Since a paper describing PrediXcan was published in 2015, its developers have made several extensions to the software. "Given the need for scalable integrative methods to understand the mechanisms that link genetic variants with phenotypes, we developed S-PrediXcan, which robustly infers PrediXcan results using summary results instead of individual level data," Hae Kyung Im, an assistant professor of genetic medicine at the University of Chicago and lead developer of PrediXcan, said in an email. "We have applied this method to a broad set of phenotypes creating a growing public catalog of associations that seeks to capture the effects of gene expression variation on human phenotypes." Im's group has also developed PredictDB which houses genetic prediction models of transcriptome levels for use with PrediXcan; and MetaXcan, a separate set of tools for performing integrative gene mapping studies.

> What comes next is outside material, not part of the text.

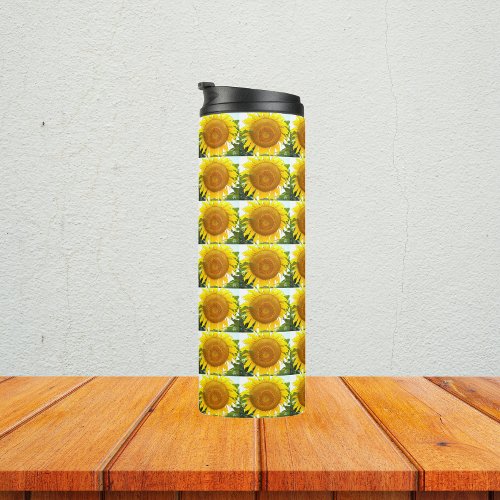 Large Yellow Sunflower Floral Pattern Thermal Tumbler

Furthermore, "from analyzing these broad set[s] of phenotypes we find that there is ubiquitous cross-tissue sharing as well as context specificity of gene expression regulation," Im said. "This suggests that aggregating information across tissues as well as zooming into highly context-specific samples will be needed to further elucidate the pathogenic mechanisms."

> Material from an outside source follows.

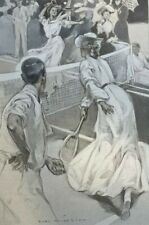 1904 Vintage Illustration Two Women Playing Tennis By Karl Anderson picture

Schildkraut said that she became interested in using the method after PrediXcan's developers described their method and its application to data from diabetes and Crohn's disease cases during a seminar at her institution. She noted that the tool showed how tissue "at a very specific target site or even tissues that may not be at the target site" may provide information to identify genes that may be involved in risk of a given disease, she said. In partnership with her co-principal investigator, Simon Gayther, director of molecular epidemiology at Cedars-Sinai, "we decided to look at high-grade serous ovarian cancer and triple negative breast cancer."
For the current study, Im and her team will be developing statistical methods to accomplish the goals of the study, she said. "We will be using all existing transcriptome data such as GTEx, TCGA, and the highly context-specific tissues from the Gayther lab." The results of the study will be published in peer-reviewed journals and the researchers will make the data available in repositories such as dbGAP, Schildkraut said.